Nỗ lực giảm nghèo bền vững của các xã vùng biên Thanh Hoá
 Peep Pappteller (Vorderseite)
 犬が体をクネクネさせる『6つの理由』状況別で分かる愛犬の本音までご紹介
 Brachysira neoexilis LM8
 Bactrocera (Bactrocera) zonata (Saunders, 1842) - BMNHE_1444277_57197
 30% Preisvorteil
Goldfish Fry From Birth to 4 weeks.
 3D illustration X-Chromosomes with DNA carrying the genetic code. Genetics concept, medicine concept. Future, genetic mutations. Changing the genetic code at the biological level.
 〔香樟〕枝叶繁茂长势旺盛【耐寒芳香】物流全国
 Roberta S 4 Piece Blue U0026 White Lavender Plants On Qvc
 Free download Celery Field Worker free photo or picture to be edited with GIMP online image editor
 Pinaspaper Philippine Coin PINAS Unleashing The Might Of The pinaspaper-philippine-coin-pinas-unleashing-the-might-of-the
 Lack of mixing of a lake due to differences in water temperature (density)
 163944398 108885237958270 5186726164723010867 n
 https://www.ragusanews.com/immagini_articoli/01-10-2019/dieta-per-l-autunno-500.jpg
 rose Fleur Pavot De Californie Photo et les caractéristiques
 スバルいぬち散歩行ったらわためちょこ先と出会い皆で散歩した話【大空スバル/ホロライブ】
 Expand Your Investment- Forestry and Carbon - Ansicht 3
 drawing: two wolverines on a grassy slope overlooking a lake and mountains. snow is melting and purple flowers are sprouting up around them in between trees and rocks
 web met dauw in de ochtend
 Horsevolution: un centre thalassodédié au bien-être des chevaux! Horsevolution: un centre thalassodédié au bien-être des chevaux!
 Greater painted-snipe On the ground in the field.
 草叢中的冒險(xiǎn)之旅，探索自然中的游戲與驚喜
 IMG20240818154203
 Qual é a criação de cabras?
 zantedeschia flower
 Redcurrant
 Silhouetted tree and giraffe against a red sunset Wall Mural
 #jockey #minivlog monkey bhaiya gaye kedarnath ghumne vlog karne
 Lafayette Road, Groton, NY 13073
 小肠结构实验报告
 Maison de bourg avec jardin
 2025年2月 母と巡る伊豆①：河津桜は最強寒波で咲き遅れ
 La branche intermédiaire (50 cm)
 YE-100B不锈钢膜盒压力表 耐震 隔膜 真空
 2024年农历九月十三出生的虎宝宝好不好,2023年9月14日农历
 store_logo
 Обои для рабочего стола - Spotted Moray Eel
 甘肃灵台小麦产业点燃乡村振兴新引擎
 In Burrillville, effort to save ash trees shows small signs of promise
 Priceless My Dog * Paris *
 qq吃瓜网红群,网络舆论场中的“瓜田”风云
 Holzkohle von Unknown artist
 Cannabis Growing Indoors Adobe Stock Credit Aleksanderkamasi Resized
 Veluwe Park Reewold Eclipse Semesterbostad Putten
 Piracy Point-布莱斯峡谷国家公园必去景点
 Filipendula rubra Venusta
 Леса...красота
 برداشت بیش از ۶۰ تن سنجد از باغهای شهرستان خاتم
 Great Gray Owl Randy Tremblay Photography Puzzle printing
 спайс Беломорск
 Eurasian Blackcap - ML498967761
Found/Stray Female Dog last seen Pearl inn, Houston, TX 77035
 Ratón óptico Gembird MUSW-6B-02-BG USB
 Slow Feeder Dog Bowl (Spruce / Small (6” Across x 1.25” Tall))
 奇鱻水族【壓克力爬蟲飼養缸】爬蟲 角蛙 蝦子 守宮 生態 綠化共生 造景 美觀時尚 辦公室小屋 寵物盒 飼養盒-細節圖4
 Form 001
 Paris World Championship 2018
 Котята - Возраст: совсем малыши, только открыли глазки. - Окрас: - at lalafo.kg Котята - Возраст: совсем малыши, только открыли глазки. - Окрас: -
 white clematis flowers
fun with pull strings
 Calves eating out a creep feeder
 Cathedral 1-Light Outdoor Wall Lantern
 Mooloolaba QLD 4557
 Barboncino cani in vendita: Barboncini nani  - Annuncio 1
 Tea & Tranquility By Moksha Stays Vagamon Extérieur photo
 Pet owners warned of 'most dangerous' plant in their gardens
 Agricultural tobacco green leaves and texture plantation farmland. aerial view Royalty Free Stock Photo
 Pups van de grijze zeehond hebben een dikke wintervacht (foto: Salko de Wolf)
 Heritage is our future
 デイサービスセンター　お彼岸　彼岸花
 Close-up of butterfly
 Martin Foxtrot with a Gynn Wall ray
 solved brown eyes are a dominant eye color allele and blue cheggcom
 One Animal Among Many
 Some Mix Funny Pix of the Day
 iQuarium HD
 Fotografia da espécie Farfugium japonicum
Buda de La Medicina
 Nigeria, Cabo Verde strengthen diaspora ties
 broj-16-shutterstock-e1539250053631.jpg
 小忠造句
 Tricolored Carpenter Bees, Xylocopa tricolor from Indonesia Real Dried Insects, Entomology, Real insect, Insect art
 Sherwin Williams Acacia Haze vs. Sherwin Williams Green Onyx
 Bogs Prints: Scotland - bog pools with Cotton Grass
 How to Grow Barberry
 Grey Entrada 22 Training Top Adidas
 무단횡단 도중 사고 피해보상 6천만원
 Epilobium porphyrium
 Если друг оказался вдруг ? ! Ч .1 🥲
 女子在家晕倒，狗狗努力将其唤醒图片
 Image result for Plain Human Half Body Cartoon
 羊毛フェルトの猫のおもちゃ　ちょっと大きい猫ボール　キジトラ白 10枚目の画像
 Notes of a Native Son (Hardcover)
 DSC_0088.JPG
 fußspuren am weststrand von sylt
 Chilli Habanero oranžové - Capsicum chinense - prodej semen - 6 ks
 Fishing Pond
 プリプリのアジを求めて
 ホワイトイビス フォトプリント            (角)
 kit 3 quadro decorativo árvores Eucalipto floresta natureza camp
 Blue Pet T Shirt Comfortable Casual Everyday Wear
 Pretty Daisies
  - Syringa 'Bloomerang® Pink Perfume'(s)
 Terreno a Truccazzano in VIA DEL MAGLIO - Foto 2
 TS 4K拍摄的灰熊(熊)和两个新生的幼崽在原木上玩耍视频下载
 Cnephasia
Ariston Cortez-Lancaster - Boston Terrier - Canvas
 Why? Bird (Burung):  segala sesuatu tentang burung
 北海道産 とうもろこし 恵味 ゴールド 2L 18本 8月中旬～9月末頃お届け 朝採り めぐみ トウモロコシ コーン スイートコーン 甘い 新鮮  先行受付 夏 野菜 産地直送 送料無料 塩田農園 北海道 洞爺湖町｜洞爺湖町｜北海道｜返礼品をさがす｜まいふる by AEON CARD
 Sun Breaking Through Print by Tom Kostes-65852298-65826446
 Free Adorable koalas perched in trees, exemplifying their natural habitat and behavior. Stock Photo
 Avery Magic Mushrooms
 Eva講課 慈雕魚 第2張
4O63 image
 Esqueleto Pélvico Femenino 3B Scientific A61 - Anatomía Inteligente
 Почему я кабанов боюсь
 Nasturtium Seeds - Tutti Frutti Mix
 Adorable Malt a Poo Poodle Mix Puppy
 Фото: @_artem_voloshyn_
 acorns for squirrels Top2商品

# PROBLEM STATEMENT
Print the listing once more, exactly as it stands above.

# TASK OUTPUT
Nỗ lực giảm nghèo bền vững của các xã vùng biên Thanh Hoá
 Peep Pappteller (Vorderseite)
 犬が体をクネクネさせる『6つの理由』状況別で分かる愛犬の本音までご紹介
 Brachysira neoexilis LM8
 Bactrocera (Bactrocera) zonata (Saunders, 1842) - BMNHE_1444277_57197
 30% Preisvorteil
Goldfish Fry From Birth to 4 weeks.
 3D illustration X-Chromosomes with DNA carrying the genetic code. Genetics concept, medicine concept. Future, genetic mutations. Changing the genetic code at the biological level.
 〔香樟〕枝叶繁茂长势旺盛【耐寒芳香】物流全国
 Roberta S 4 Piece Blue U0026 White Lavender Plants On Qvc
 Free download Celery Field Worker free photo or picture to be edited with GIMP online image editor
 Pinaspaper Philippine Coin PINAS Unleashing The Might Of The pinaspaper-philippine-coin-pinas-unleashing-the-might-of-the
 Lack of mixing of a lake due to differences in water temperature (density)
 163944398 108885237958270 5186726164723010867 n
 https://www.ragusanews.com/immagini_articoli/01-10-2019/dieta-per-l-autunno-500.jpg
 rose Fleur Pavot De Californie Photo et les caractéristiques
 スバルいぬち散歩行ったらわためちょこ先と出会い皆で散歩した話【大空スバル/ホロライブ】
 Expand Your Investment- Forestry and Carbon - Ansicht 3
 drawing: two wolverines on a grassy slope overlooking a lake and mountains. snow is melting and purple flowers are sprouting up around them in between trees and rocks
 web met dauw in de ochtend
 Horsevolution: un centre thalassodédié au bien-être des chevaux! Horsevolution: un centre thalassodédié au bien-être des chevaux!
 Greater painted-snipe On the ground in the field.
 草叢中的冒險(xiǎn)之旅，探索自然中的游戲與驚喜
 IMG20240818154203
 Qual é a criação de cabras?
 zantedeschia flower
 Redcurrant
 Silhouetted tree and giraffe against a red sunset Wall Mural
 #jockey #minivlog monkey bhaiya gaye kedarnath ghumne vlog karne
 Lafayette Road, Groton, NY 13073
 小肠结构实验报告
 Maison de bourg avec jardin
 2025年2月 母と巡る伊豆①：河津桜は最強寒波で咲き遅れ
 La branche intermédiaire (50 cm)
 YE-100B不锈钢膜盒压力表 耐震 隔膜 真空
 2024年农历九月十三出生的虎宝宝好不好,2023年9月14日农历
 store_logo
 Обои для рабочего стола - Spotted Moray Eel
 甘肃灵台小麦产业点燃乡村振兴新引擎
 In Burrillville, effort to save ash trees shows small signs of promise
 Priceless My Dog * Paris *
 qq吃瓜网红群,网络舆论场中的“瓜田”风云
 Holzkohle von Unknown artist
 Cannabis Growing Indoors Adobe Stock Credit Aleksanderkamasi Resized
 Veluwe Park Reewold Eclipse Semesterbostad Putten
 Piracy Point-布莱斯峡谷国家公园必去景点
 Filipendula rubra Venusta
 Леса...красота
 برداشت بیش از ۶۰ تن سنجد از باغهای شهرستان خاتم
 Great Gray Owl Randy Tremblay Photography Puzzle printing
 спайс Беломорск
 Eurasian Blackcap - ML498967761
Found/Stray Female Dog last seen Pearl inn, Houston, TX 77035
 Ratón óptico Gembird MUSW-6B-02-BG USB
 Slow Feeder Dog Bowl (Spruce / Small (6” Across x 1.25” Tall))
 奇鱻水族【壓克力爬蟲飼養缸】爬蟲 角蛙 蝦子 守宮 生態 綠化共生 造景 美觀時尚 辦公室小屋 寵物盒 飼養盒-細節圖4
 Form 001
 Paris World Championship 2018
 Котята - Возраст: совсем малыши, только открыли глазки. - Окрас: - at lalafo.kg Котята - Возраст: совсем малыши, только открыли глазки. - Окрас: -
 white clematis flowers
fun with pull strings
 Calves eating out a creep feeder
 Cathedral 1-Light Outdoor Wall Lantern
 Mooloolaba QLD 4557
 Barboncino cani in vendita: Barboncini nani  - Annuncio 1
 Tea & Tranquility By Moksha Stays Vagamon Extérieur photo
 Pet owners warned of 'most dangerous' plant in their gardens
 Agricultural tobacco green leaves and texture plantation farmland. aerial view Royalty Free Stock Photo
 Pups van de grijze zeehond hebben een dikke wintervacht (foto: Salko de Wolf)
 Heritage is our future
 デイサービスセンター　お彼岸　彼岸花
 Close-up of butterfly
 Martin Foxtrot with a Gynn Wall ray
 solved brown eyes are a dominant eye color allele and blue cheggcom
 One Animal Among Many
 Some Mix Funny Pix of the Day
 iQuarium HD
 Fotografia da espécie Farfugium japonicum
Buda de La Medicina
 Nigeria, Cabo Verde strengthen diaspora ties
 broj-16-shutterstock-e1539250053631.jpg
 小忠造句
 Tricolored Carpenter Bees, Xylocopa tricolor from Indonesia Real Dried Insects, Entomology, Real insect, Insect art
 Sherwin Williams Acacia Haze vs. Sherwin Williams Green Onyx
 Bogs Prints: Scotland - bog pools with Cotton Grass
 How to Grow Barberry
 Grey Entrada 22 Training Top Adidas
 무단횡단 도중 사고 피해보상 6천만원
 Epilobium porphyrium
 Если друг оказался вдруг ? ! Ч .1 🥲
 女子在家晕倒，狗狗努力将其唤醒图片
 Image result for Plain Human Half Body Cartoon
 羊毛フェルトの猫のおもちゃ　ちょっと大きい猫ボール　キジトラ白 10枚目の画像
 Notes of a Native Son (Hardcover)
 DSC_0088.JPG
 fußspuren am weststrand von sylt
 Chilli Habanero oranžové - Capsicum chinense - prodej semen - 6 ks
 Fishing Pond
 プリプリのアジを求めて
 ホワイトイビス フォトプリント            (角)
 kit 3 quadro decorativo árvores Eucalipto floresta natureza camp
 Blue Pet T Shirt Comfortable Casual Everyday Wear
 Pretty Daisies
  - Syringa 'Bloomerang® Pink Perfume'(s)
 Terreno a Truccazzano in VIA DEL MAGLIO - Foto 2
 TS 4K拍摄的灰熊(熊)和两个新生的幼崽在原木上玩耍视频下载
 Cnephasia
Ariston Cortez-Lancaster - Boston Terrier - Canvas
 Why? Bird (Burung):  segala sesuatu tentang burung
 北海道産 とうもろこし 恵味 ゴールド 2L 18本 8月中旬～9月末頃お届け 朝採り めぐみ トウモロコシ コーン スイートコーン 甘い 新鮮  先行受付 夏 野菜 産地直送 送料無料 塩田農園 北海道 洞爺湖町｜洞爺湖町｜北海道｜返礼品をさがす｜まいふる by AEON CARD
 Sun Breaking Through Print by Tom Kostes-65852298-65826446
 Free Adorable koalas perched in trees, exemplifying their natural habitat and behavior. Stock Photo
 Avery Magic Mushrooms
 Eva講課 慈雕魚 第2張
4O63 image
 Esqueleto Pélvico Femenino 3B Scientific A61 - Anatomía Inteligente
 Почему я кабанов боюсь
 Nasturtium Seeds - Tutti Frutti Mix
 Adorable Malt a Poo Poodle Mix Puppy
 Фото: @_artem_voloshyn_
 acorns for squirrels Top2商品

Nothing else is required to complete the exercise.